Pumpkin Bundt Cake with Orange Glaze
I made pumpkin pie for Thanksgiving one year and used canned pumpkin. That was the first and last time! I don't recommend it. Baking fresh pumpkin takes a little longer but makes a big difference in taste. To bake pumpkins, remove tops and scoop out seeds and stringy pulp. Slice pumpkins into quarters and place on a large foiled baking sheet. Bake in the center of the oven at 400 degrees for 45 minutes to 1 hour, until very tender. Cool, scoop out flesh and mash.

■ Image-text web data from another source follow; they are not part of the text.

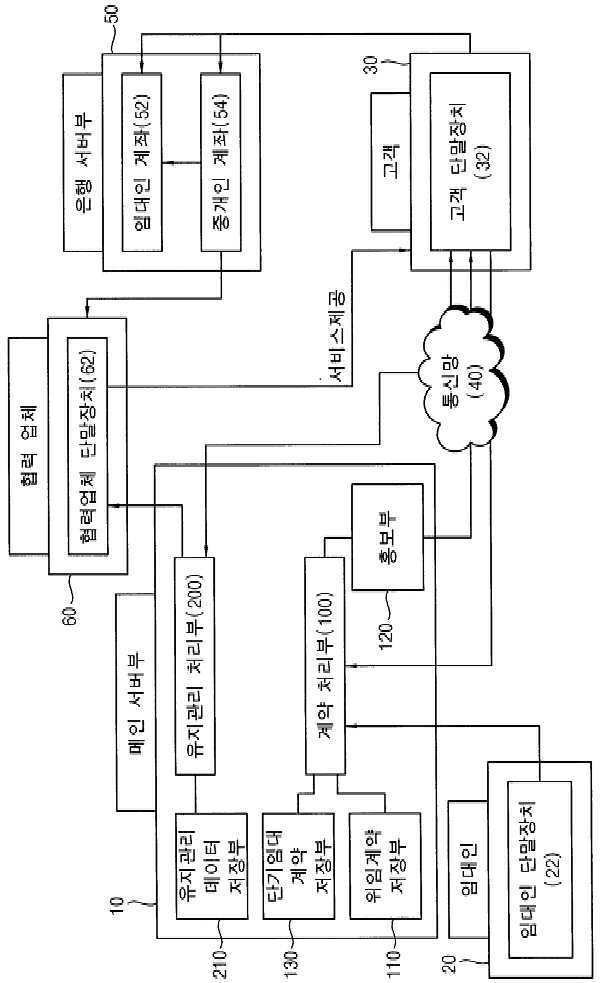 부동산 중개 서비스 제공 시스템 및 이를 이용한 부동산 중개 서비스 제공 방법 대표도면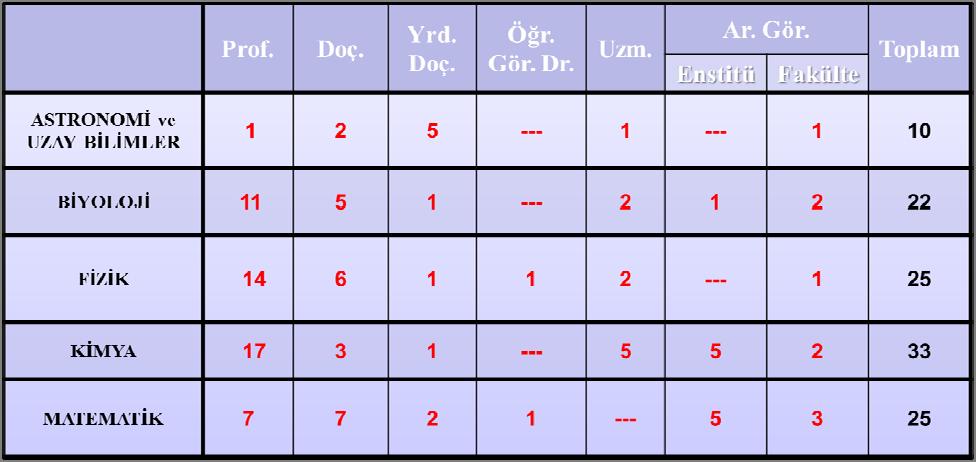 Tablo 3. Akademik kadronun bölümler itibariyle dağılımı Tablo 3. de verilen bilgiler dikkate alındığında, Fakültemiz akademik personel sayısı bakımından yeterli düzeydedir.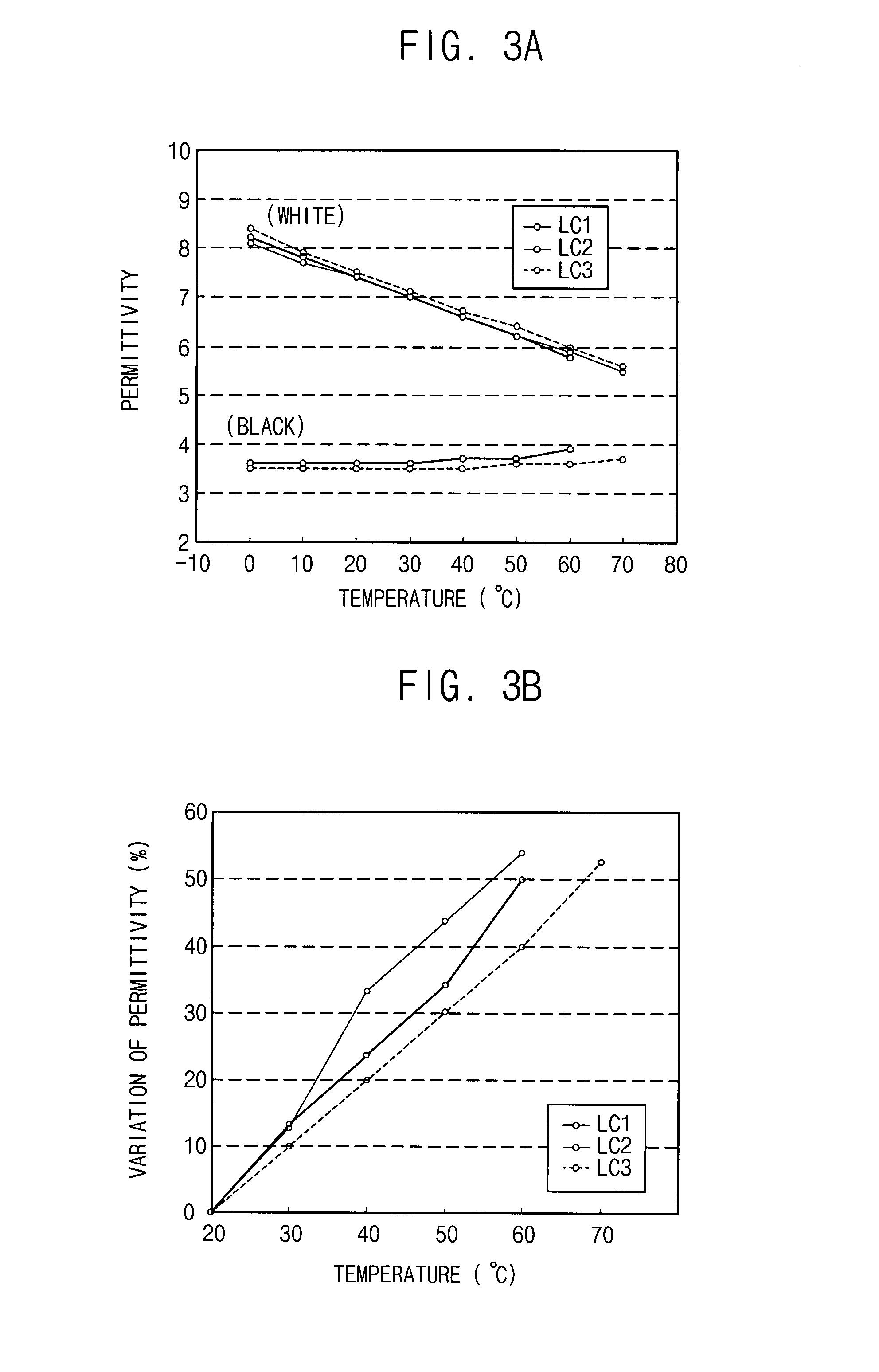 Gamma-reference-voltage generating circuit and apparatus for generating gamma-voltages and display device having the circuit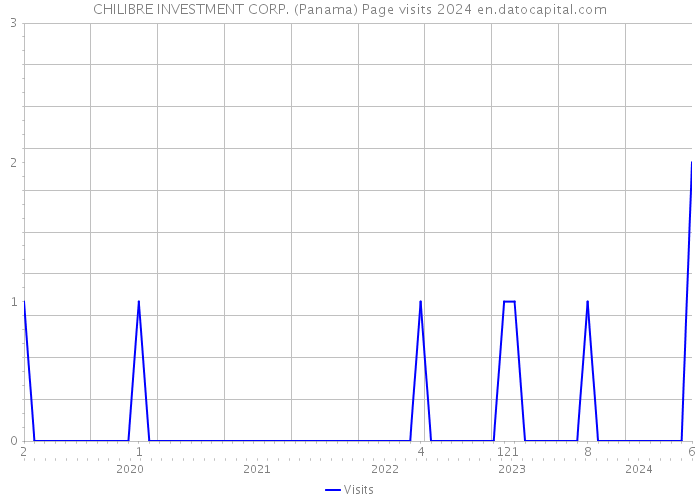 CHILIBRE INVESTMENT CORP. (Panama) Page visits 2024 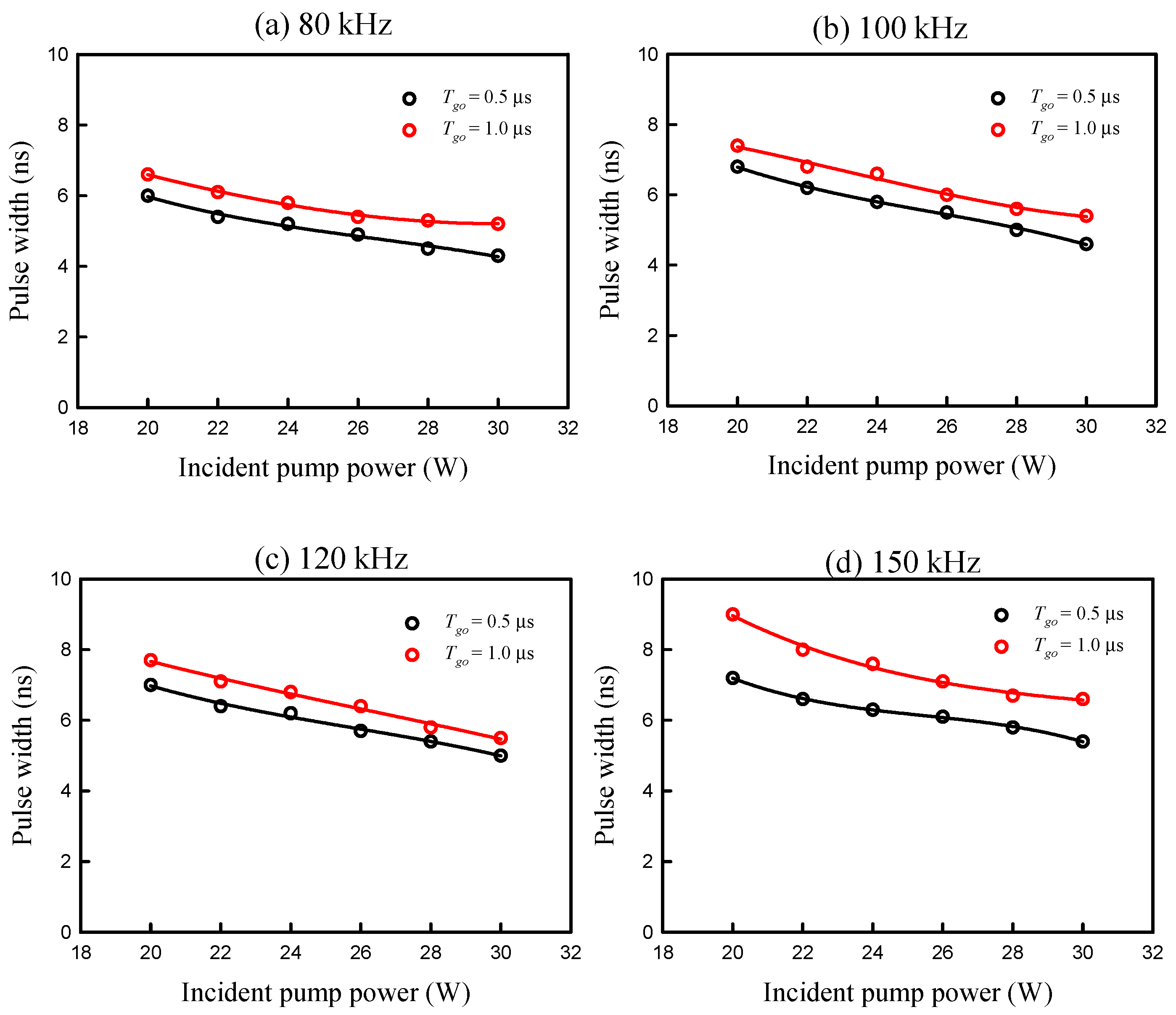 Micromachines 16 00222 g005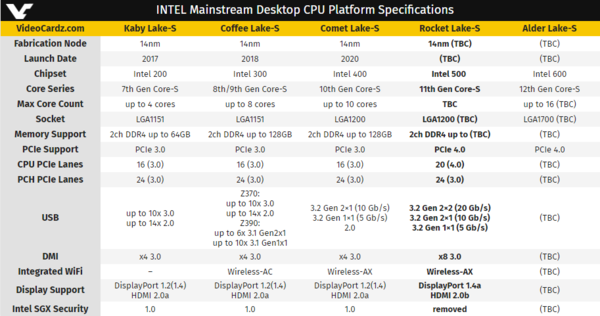 从Intel 11代酷睿聊起 关于PCIe4.0的前世今生_希捷_机能 从Intel 11代酷睿聊起 关于PCIe4.0的前世今生_希捷_机能 科学
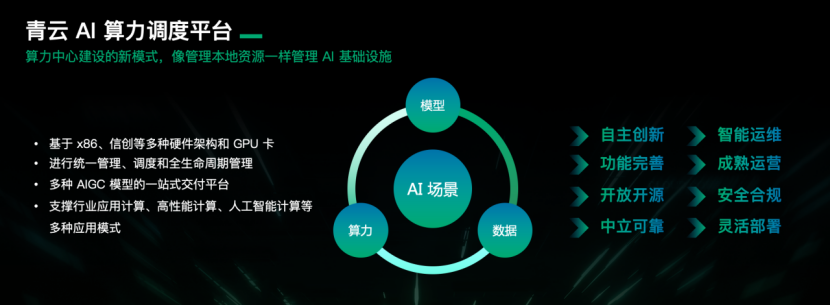 青云科技 AI 算力发布会：多元资源管理统一服务调度平台助力解决算力挑战插图3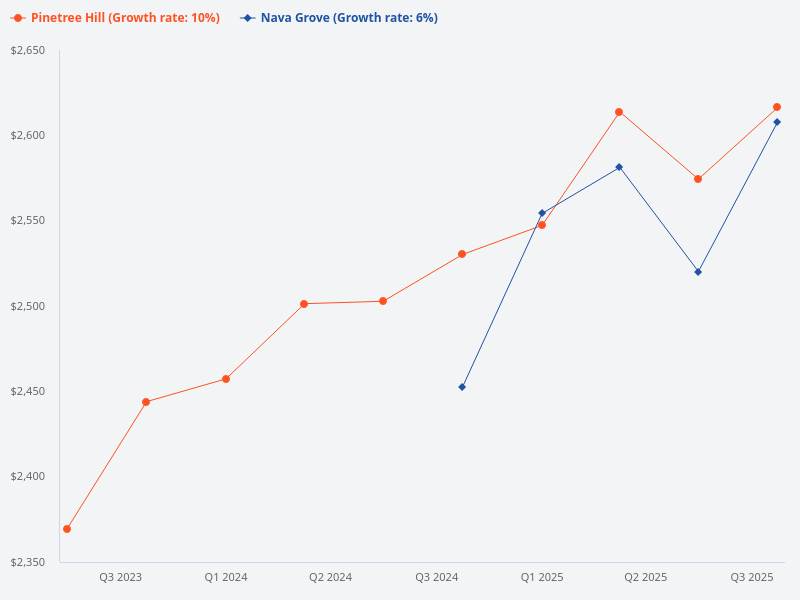 What is the price trend of Nava Grove compared to Pinetree Hill?
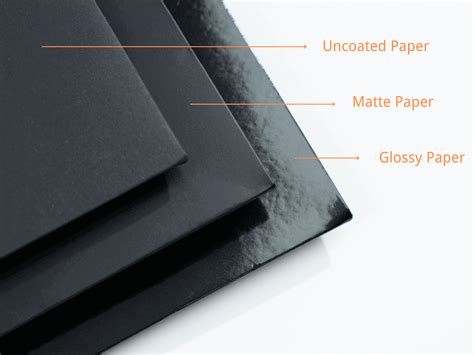 What's The Difference Between Glossy Vs. Matte Vs. Uncoated Paper?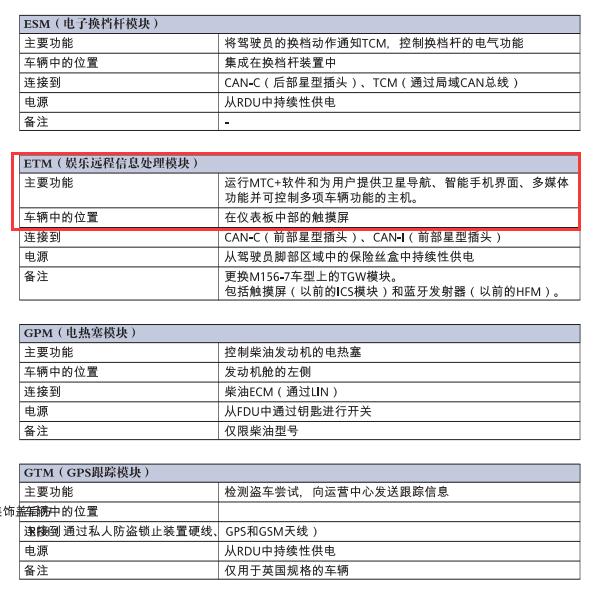 2019年玛莎拉蒂Levante无线终端位置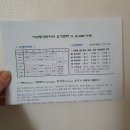 CU 신림중앙점 | 12월 첫째 주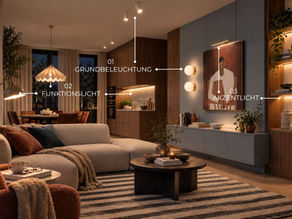 Wohnzimmer mit Grundbeleuchtung, Funktionslicht und Akzentlicht als drei Ebenen eines Lichtkonzepts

3 cups all-purpose flour +additional for dusting
2 teaspoons ground cinnamon
2 teaspoons baking soda
1 teaspoon baking powder
1 teaspoon salt
3 large eggs
½ cup unsalted butter, softened
½ cup light brown sugar, packed
½ cup granulated sugar
3 cups pumpkin, baked, skins discarded then mashed (about 1 medium pumpkin)
1 cup milk
½ cup sour cream
2 teaspoons vanilla
1 cup confectioners sugar
2 tablespoons unsalted butter, melted
3 tablespoons freshly squeezed juice from an orange
*special equipment: a 10-inch nonstick bundt pan
Put oven rack in middle position and preheat oven to 350 degrees. Butter bundt pan generously, then dust with flour, knocking out excess.
Sift flour, baking powder, baking soda, and salt. Add cinnamon and mix. Set aside.
Whisk together pumpkin, milk, sour cream, and vanilla. If needed use a handheld blender to smooth mixture. Set aside.
Beat butter, brown sugar, and granulated sugar in a large bowl of an electric mixer at medium-high speed until pale and fluffy, about 3 minutes, then add eggs one at a time and beat until well incorporated, scraping down sides as needed. Reduce speed to low and add pumpkin and flour mixtures alternately in batches, beginning and ending with flour mixture, mixing batter until smooth.
Pour batter into bundt pan and bake in the center of the oven until toothpick inserted into the center comes out clean, about 60 to 75 minutes. Cool cake in pan for about 15 minutes, then invert onto cooling rack. Allow cake to cool completely.
To make glaze, whisk confectioners sugar, 2 tablespoons melted butter, and orange juice. Drizzle glaze over cake. Glaze will slightly harden. Slice and serve.